» **Assignment**
Wherever the word "Gold" appears in a line of the records, copy that line.

☆ ☆ ☆ ☆

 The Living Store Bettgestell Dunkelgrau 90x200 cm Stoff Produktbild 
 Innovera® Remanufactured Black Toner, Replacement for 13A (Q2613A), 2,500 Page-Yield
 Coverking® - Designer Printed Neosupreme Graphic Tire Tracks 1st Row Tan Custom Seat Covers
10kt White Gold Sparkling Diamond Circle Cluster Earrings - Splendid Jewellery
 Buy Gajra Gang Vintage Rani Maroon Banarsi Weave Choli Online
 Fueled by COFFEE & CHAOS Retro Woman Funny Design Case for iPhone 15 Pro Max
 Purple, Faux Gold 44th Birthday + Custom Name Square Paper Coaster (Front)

☆ ☆ ☆ ☆

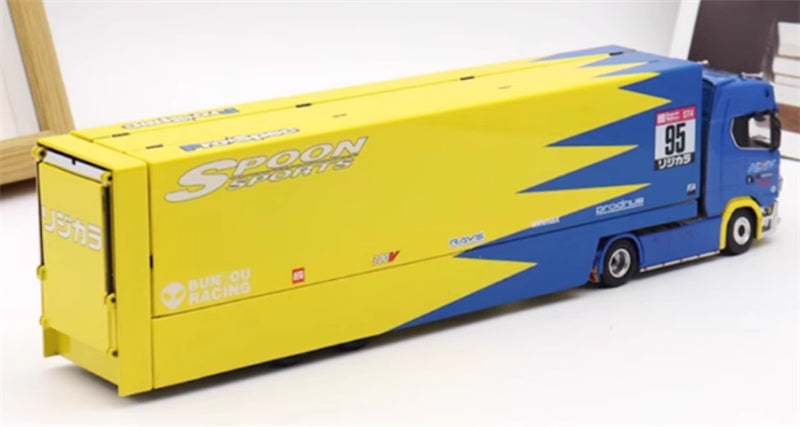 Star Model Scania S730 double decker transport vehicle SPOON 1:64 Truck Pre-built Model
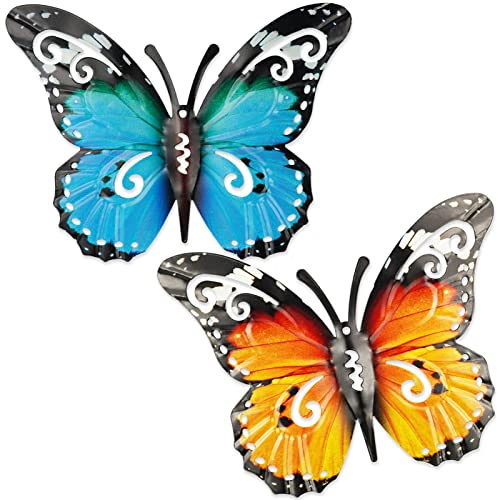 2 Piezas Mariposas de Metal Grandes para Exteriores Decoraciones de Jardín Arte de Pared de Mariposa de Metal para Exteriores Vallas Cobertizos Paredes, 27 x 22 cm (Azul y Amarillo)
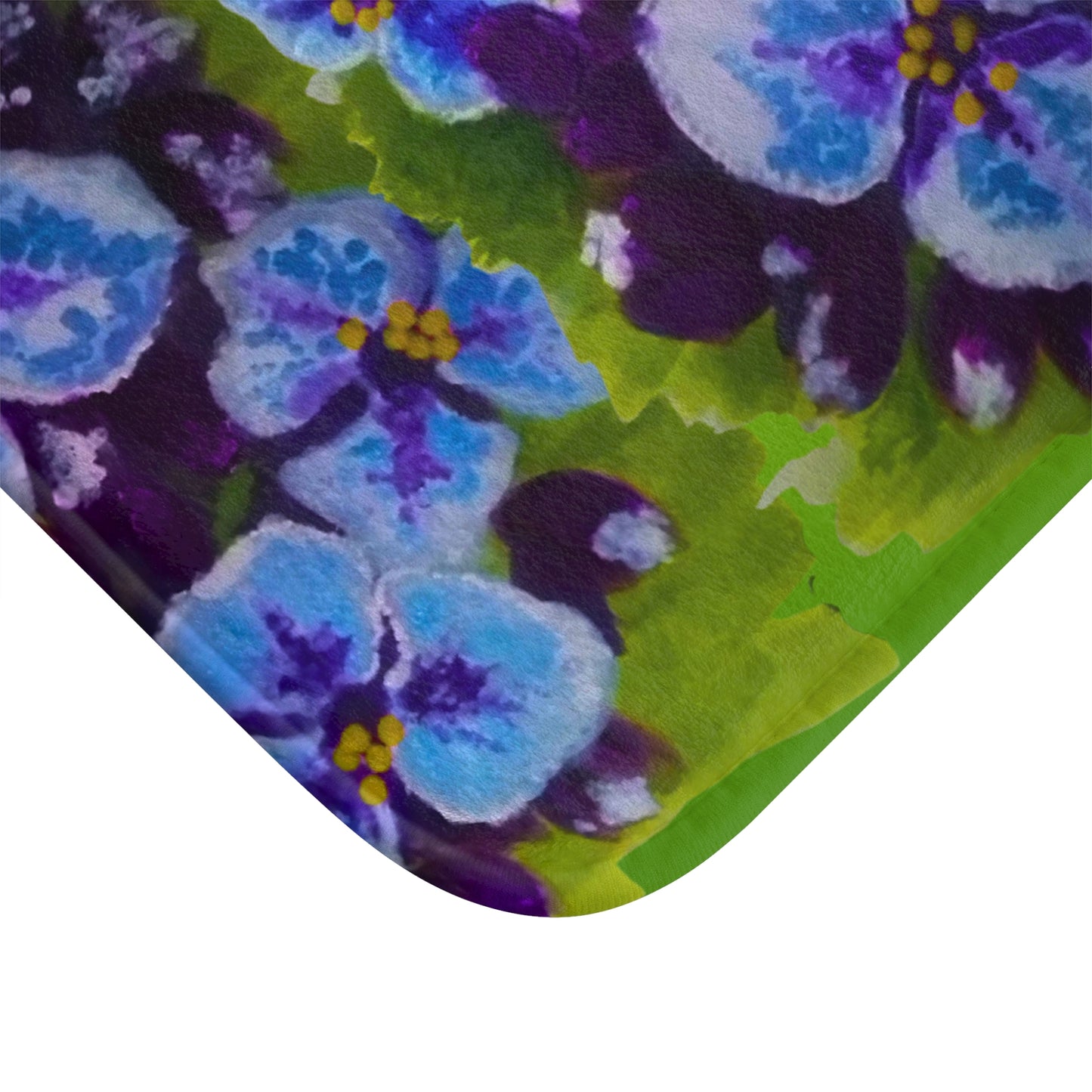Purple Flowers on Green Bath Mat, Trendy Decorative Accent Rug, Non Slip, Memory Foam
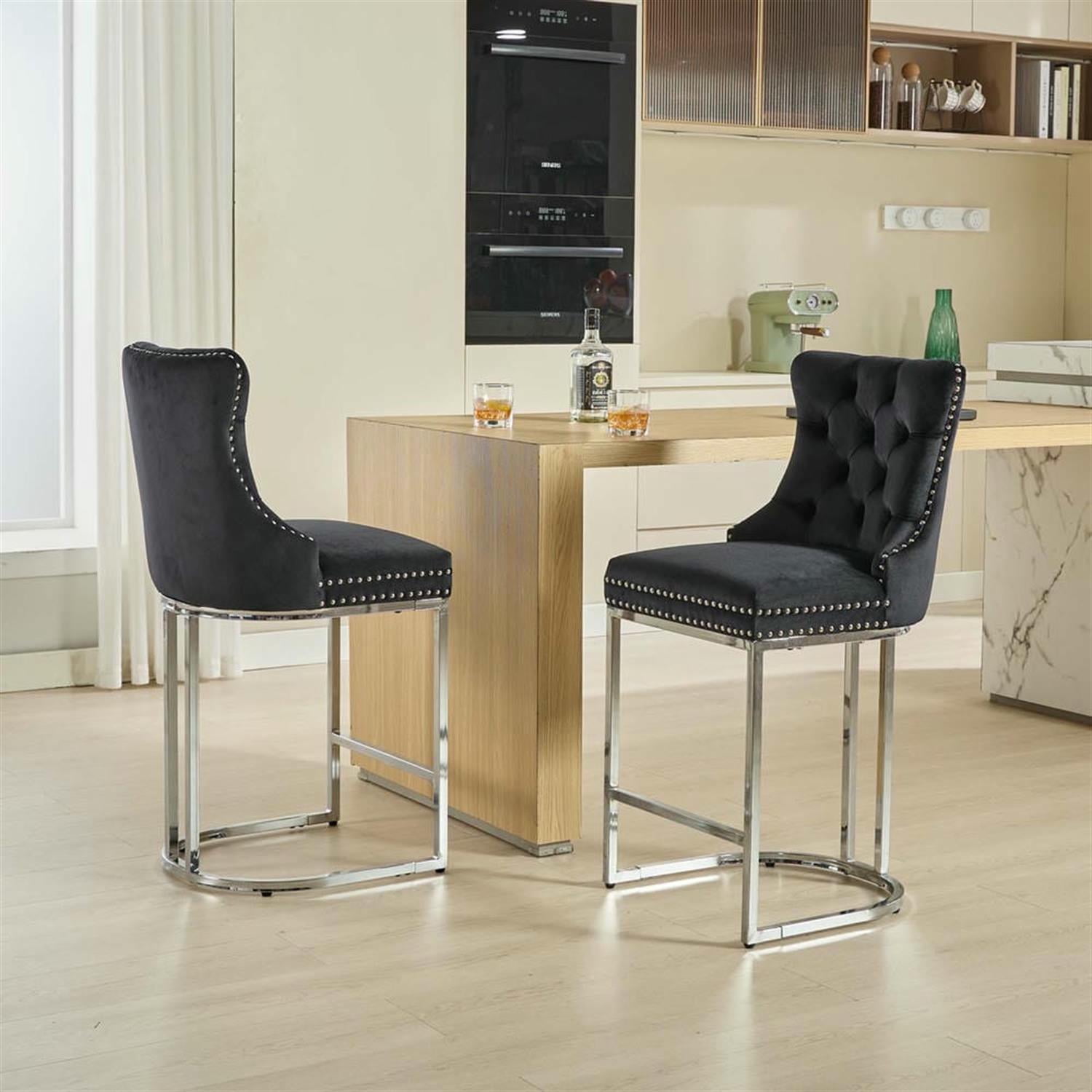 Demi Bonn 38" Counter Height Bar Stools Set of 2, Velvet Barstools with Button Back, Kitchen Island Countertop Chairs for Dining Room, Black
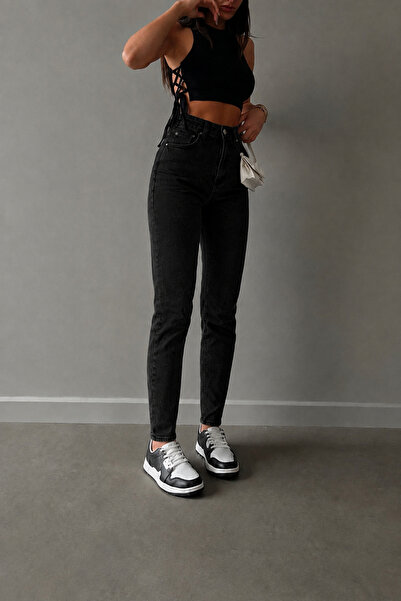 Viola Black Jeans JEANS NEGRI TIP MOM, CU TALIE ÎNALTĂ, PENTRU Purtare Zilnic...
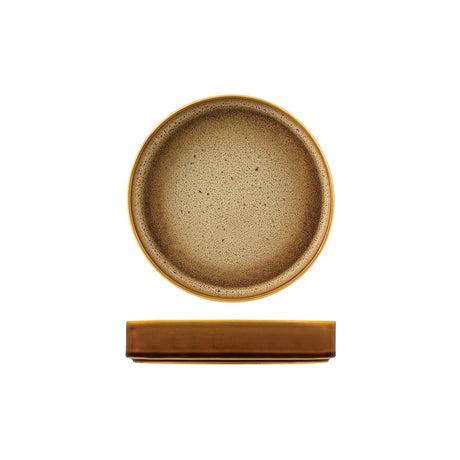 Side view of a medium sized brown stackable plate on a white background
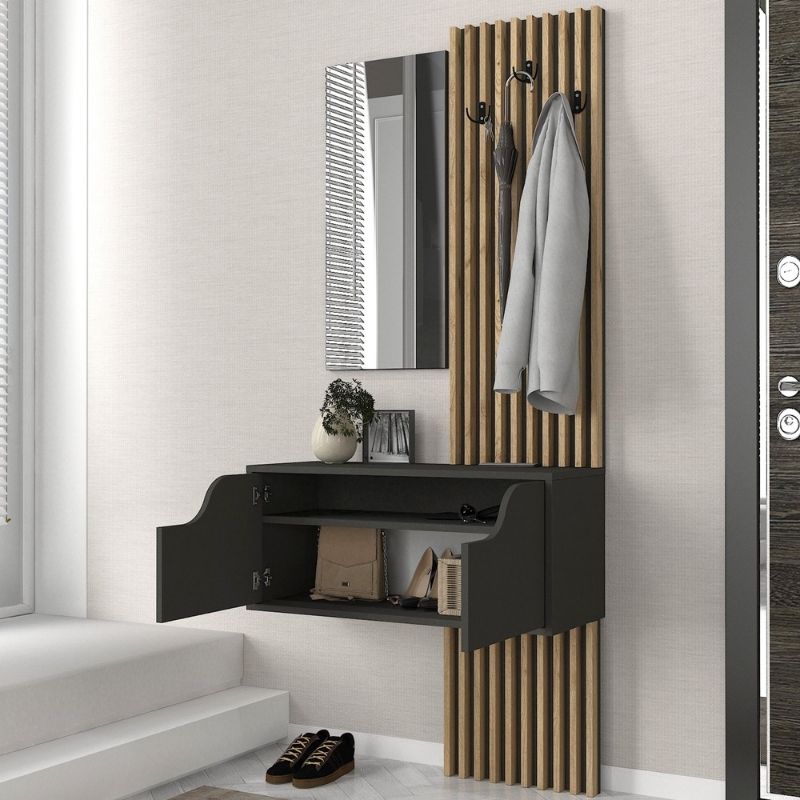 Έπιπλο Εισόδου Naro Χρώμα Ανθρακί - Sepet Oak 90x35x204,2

☆ ☆ ☆ ☆

» **Exercise result**
10kt White Gold Sparkling Diamond Circle Cluster Earrings - Splendid Jewellery
 Purple, Faux Gold 44th Birthday + Custom Name Square Paper Coaster (Front)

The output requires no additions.